Le rail (méthode abandonnée)

Comme son nom l’indique, le rail est composé d’une bande d’acier disposé en pente et limitée par un heurtoir métallique. La boule lancée, même doucement, suit le rail et rebondit sur le heurtoir : si elle revient à son point de départ, c’est une boule licite.
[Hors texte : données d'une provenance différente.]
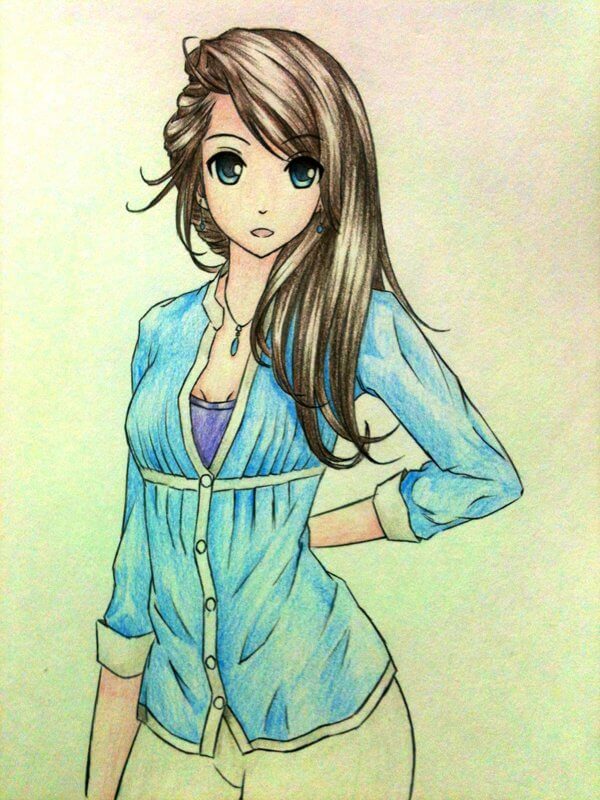 60 Anime Drawings That Look Better Than Real Life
Si au contraire, elle reste sur le chemin du retour, elle est farcie.

Ces deux moyens de détection sont efficaces, certes, mais pas absolument rigoureux d’où leur abandon.
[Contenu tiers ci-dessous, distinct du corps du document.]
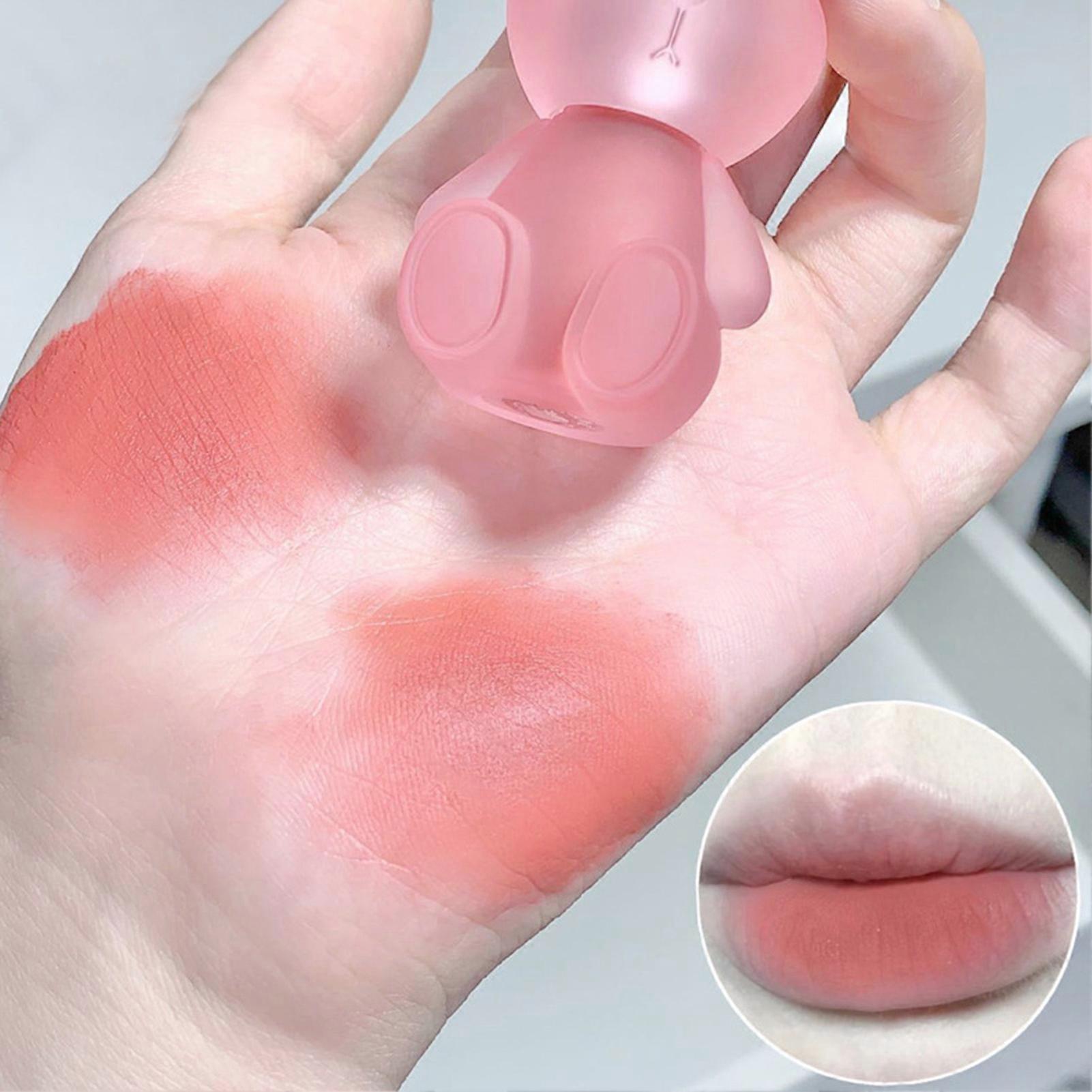 Moisturizing Velvet Matte Lip Gloss Moisturizing Full Coverage Revitalizing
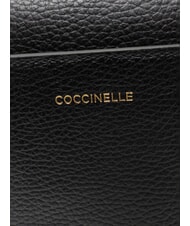 COCCINELLE BINXIE Torebka z paskiem na ramię Czarny - Torby damskie - 4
Aujourd’hui, la FFPJP dispose de 5 moyens de déceler les boules trafiquées :

  1. Les boules sont pesées avec une balance ménagère.
  2. Les boules sont contrôlées sur une assiette appelé Boulhonnête.
  3. La dureté des boules est vérifiée avec un appareil de mesure de dureté (boule recuite).
  4. Les boules peuvent être vérifiées dans un centre de radiologie (boule truquée au gaz).
  5. Ouverture des boules (ex : vérifier la présence de mercure).

L’assiette Boulhonnête

L’assiette de contrôle Boulhonnête est un plateau métallique concave sur lequel on fait rouler ou osciller la boule à tester. Elle permet de déceler la présence de corps étrangers à l’intérieur, invisibles à l’oreille ou aux vibrations.

On lâche la boule contre le rebord, on déclenche un chronomètre, puis on mesure le temps d’oscillation jusqu’à l’arrêt complet.

  • Boules lisses ou striées : elles ne doivent pas s’immobiliser avant 30 secondes (jusqu’à 50 s pour les boules usées).
  • Boules à motifs : le seuil est réduit à 18 secondes (entre 18 et 22 s si elles sont usées).

Si la boule s’immobilise avant ces seuils, deux contrôles supplémentaires sont effectués. On retient alors la moyenne des trois mesures pour valider ou non sa conformité.

Cette méthode est plus fiable et plus dissuasive. On la retrouve généralement sur le site de chaque manifestation.

Contrôle des boules : qui peut le faire ?

Le contrôle des boules peut être effectué par :

  • L’arbitre à la demande d’un joueur.
  • L’arbitre de sa propre initiative.
  • Le délégué d’un concours en présence de l’arbitre (obligatoire).
  • Un membre d’un jury de concours en présence de l’arbitre (obligatoire).

Les risques et sanctions

Le recours à une boule truquée expose à :

  • Disqualification immédiate et perte du match.
  • Suspension ou radiation par la FFPJP / FIPJP.
  • Atteinte à la réputation d’un joueur ou d’un club.

Par ailleurs, manipuler du mercure ou des gaz à l’intérieur d’une boule comporte des risques pour la santé et l’environnement.

Il est regrettable de constater que certains tristes personnages cherchent à tricher en « empochant » la victoire grâce à ces boules frauduleuses : peut‑on encore parler de victoire lorsque le succès repose sur la supercherie ? Non.